- _What is needed_
Would you please copy only the lines from the line that contains "Act One Venue Map" to the end of the data below, exactly, leaving every picture out?

Brief descriptive captions
- Opening Delimiter -

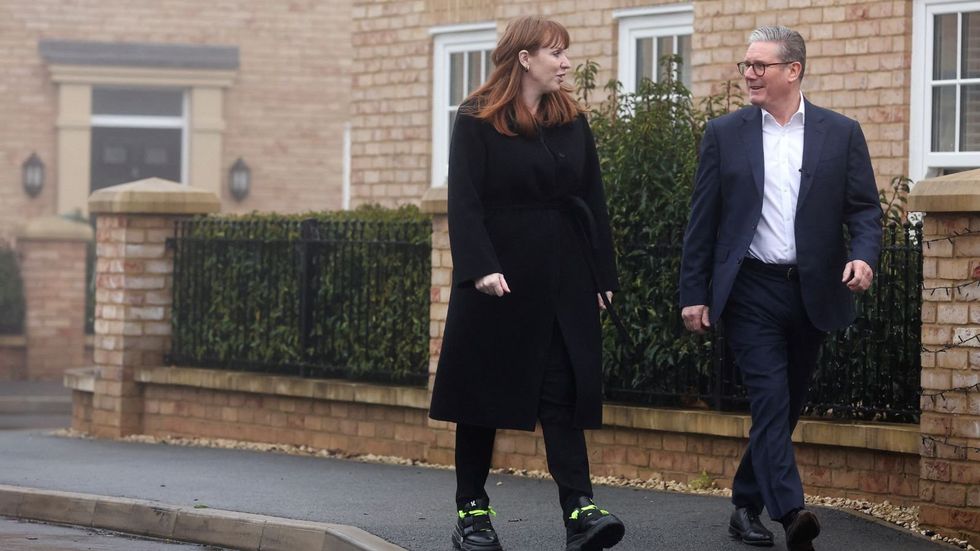 Angela Rayner and Sir Keir Starmer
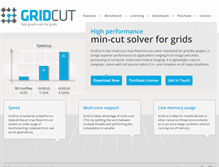 Tablet Screenshot of gridcut.com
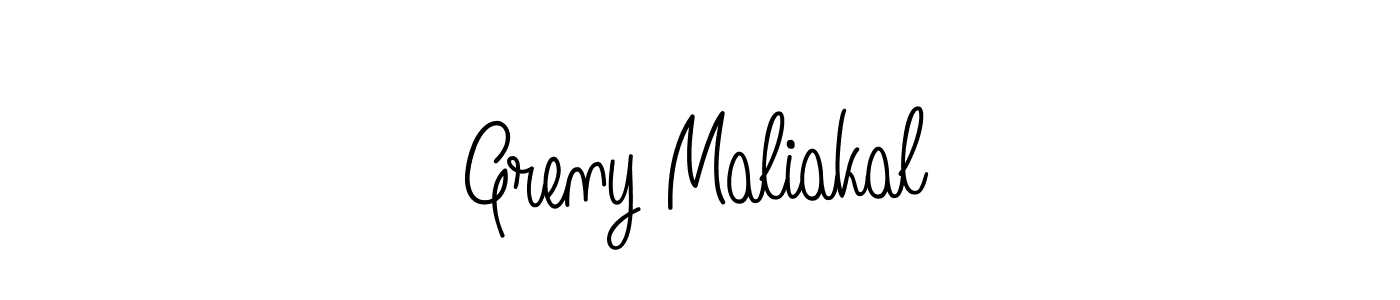 Design your own signature with our free online signature maker. With this signature software, you can create a handwritten (Angelique-Rose-font-FFP) signature for name Greny Maliakal. Greny Maliakal signature style 5 images and pictures png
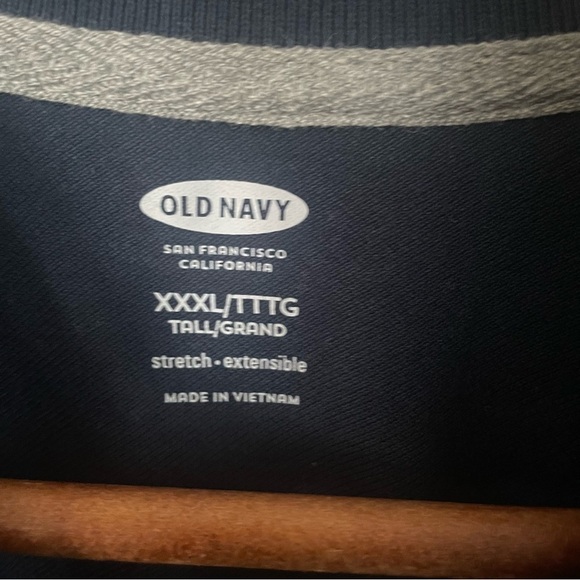 ☀️NWT OLD NAVY Men’s 3XLT Short Sleeve Built Flex Collared Polo Shirt Navy Blue - Picture 6 of 6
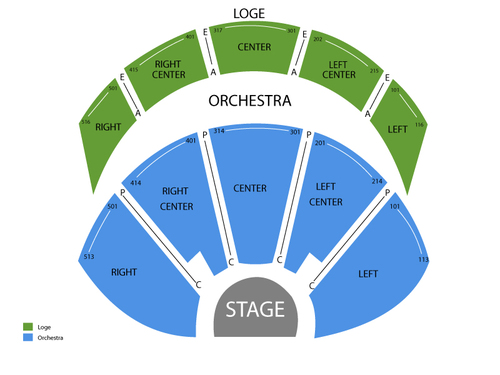 Act One Venue Map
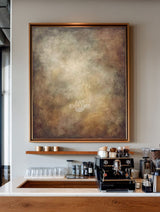 Minimalist Brown Texture Art | Large Vertical Modern Home Canvas ArtExplore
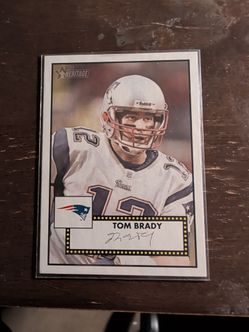 Tom Brady 2006 Topps heritage card number 124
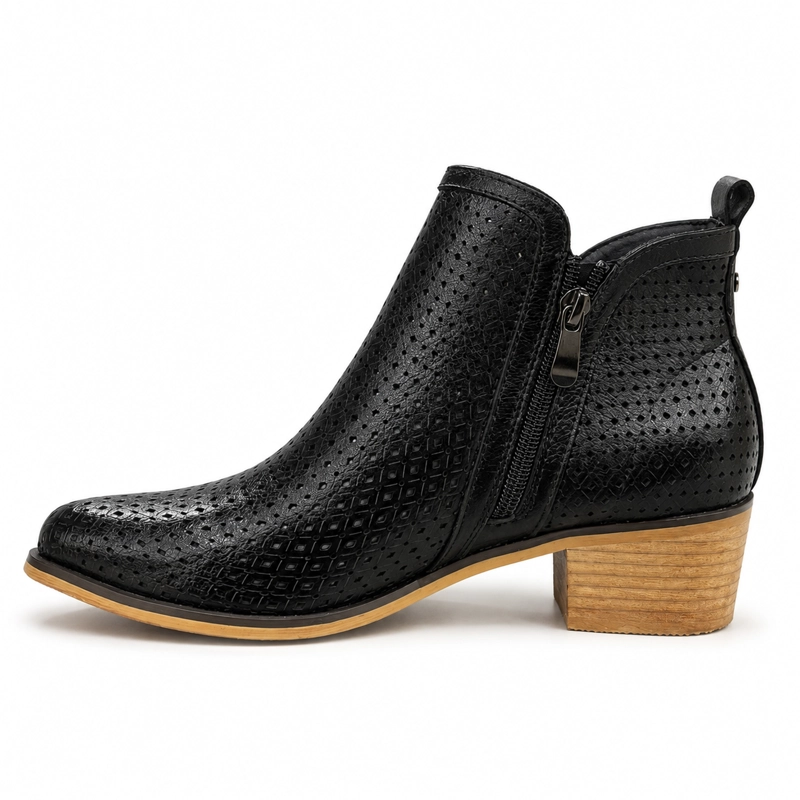 BOTIN NEGRO MUJER ECOCUERO SIENA 24-60 - 2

- Closing Delimiter -

- _Result for this task_
 Act One Venue Map
 Minimalist Brown Texture Art | Large Vertical Modern Home Canvas ArtExplore
 Tom Brady 2006 Topps heritage card number 124
 BOTIN NEGRO MUJER ECOCUERO SIENA 24-60 - 2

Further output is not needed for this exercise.